L’accession du général De Gaulle au pouvoir parachève le déclin du parti communiste en Alsace. « Il y a eu une déculpabilisation complète de ceux qui n’avaient pas résisté », explique l’ex-eurodéputé. Le Général faisait preuve de mansuétude vis-à-vis des incorporés de force. « Il avait le prestige du leader, du libérateur. Les Alsaciens y étaient très sensibles », reconnait Antoine Splet.
Le vote alsacien aux éléctions législatives depuis 1936
Source : Données extraites du journal Le Temps, des archives de la IVe République et de la base de données du gouvernement
« On n'en finit jamais totalement avec le passé »
Aujourd’hui encore, le PCF enregistre ses pires résultats électoraux en France métropolitaine dans le Haut-Rhin et le Bas-Rhin. Pour autant, l’anticommunisme n’est plus aussi présent. « Il se manifeste quand le PCF est fort, or le parti ne menace plus grand monde. Il existe, on le ressent, mais il n’est plus exprimé », développe Antoine Splet. « Dans l’inconscient collectif, il y a un lien direct avec ce qui s’est passé pendant la guerre. On n’en finit jamais totalement avec son passé. Mais on n’en parle plus dans le débat politique », complète Francis Wurtz.
La rapide perte d’influence du parti communiste français a provoqué un décalage du spectre politique alsacien vers la droite. Et un éclatement du vote ouvrier. « Les ouvriers votaient communiste s'ils étaient urbains. Mais quand ils étaient ruraux, ils penchaient plutôt à droite. C’est un phénomène lié aux ‘’ouvriers-paysans’’ : des paysans ouvriers une partie de l’année, qui habitaient à la campagne et continuaient à être paysans à temps partiel. Ils accordaient toujours de l’importance à la propriété et à la terre », détaille Bernard Schwengler. Or, en Alsace, l’industrialisation s’est faite en partie dans les zones rurales. Dès 1936, il y a davantage d’ouvriers que d’agriculteurs dans les zones rurales.

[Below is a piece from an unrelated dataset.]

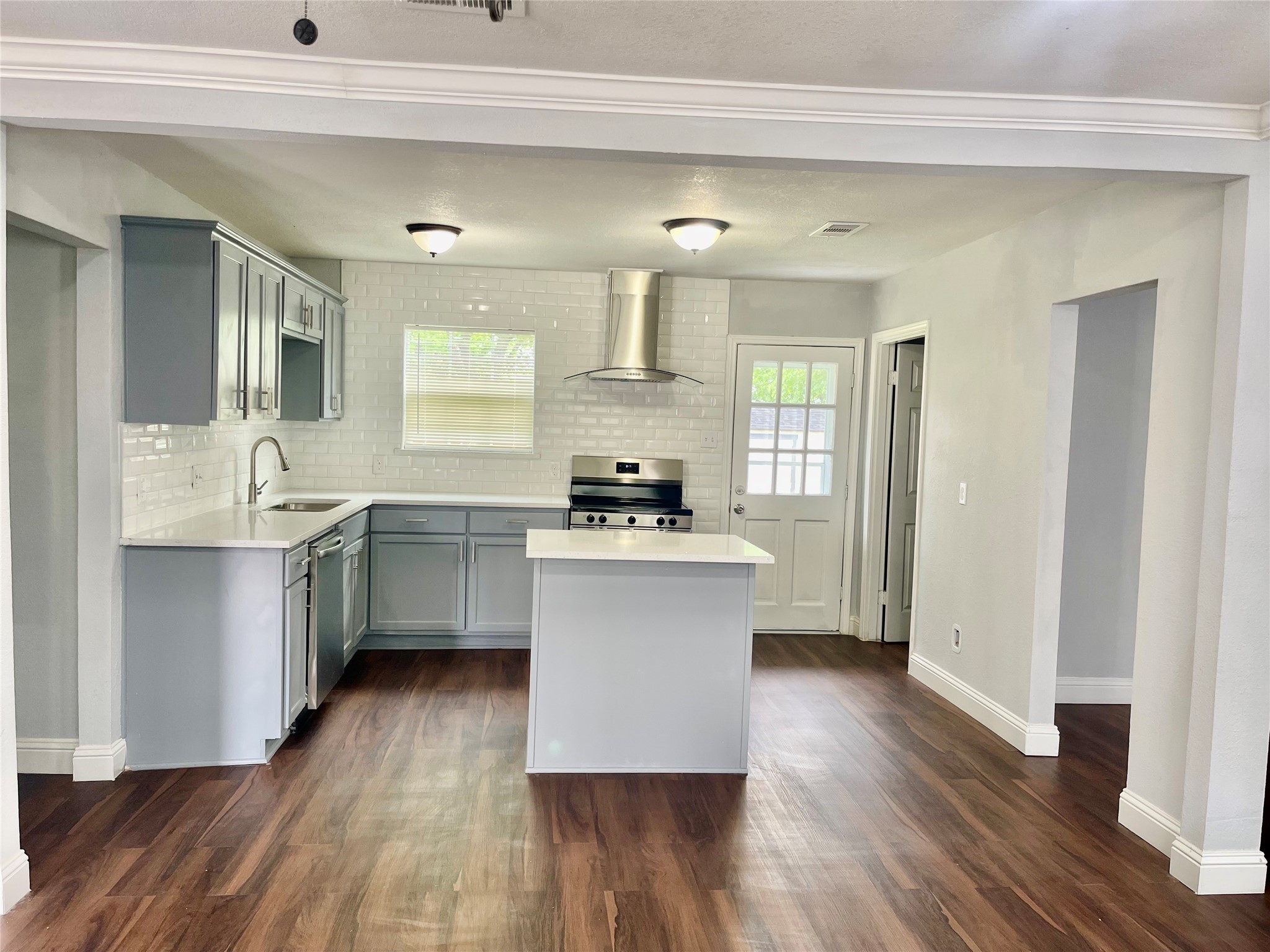 414 Goodyear Street Irving TX 75062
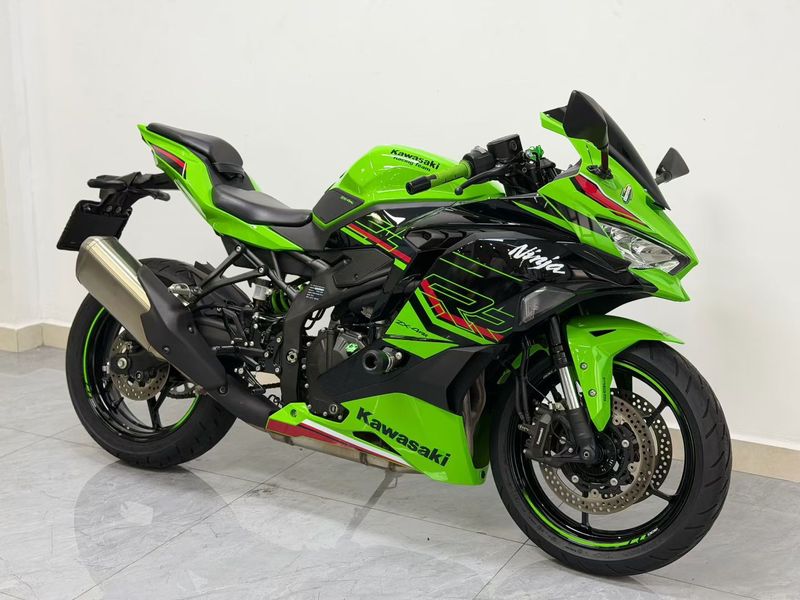 川崎 ZX-4R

Le Front national a également profité de la faiblesse du communisme alsacien pour s’implanter durablement en Alsace, bien avant sa percée nationale. Il a occupé la place laissée vacante par le PCF auprès de l’électorat populaire et surfé sur la vague de l’anticommunisme. Lors de l’élection présidentielle de 1988, le FN réalise un score de 21,84% dans la région, alors que la moyenne nationale s’élève à 14,38%. Le parti frontiste récolte, aujourd’hui encore, les fruits de cette stratégie, puisque l’Alsace reste l’un de ses bastions.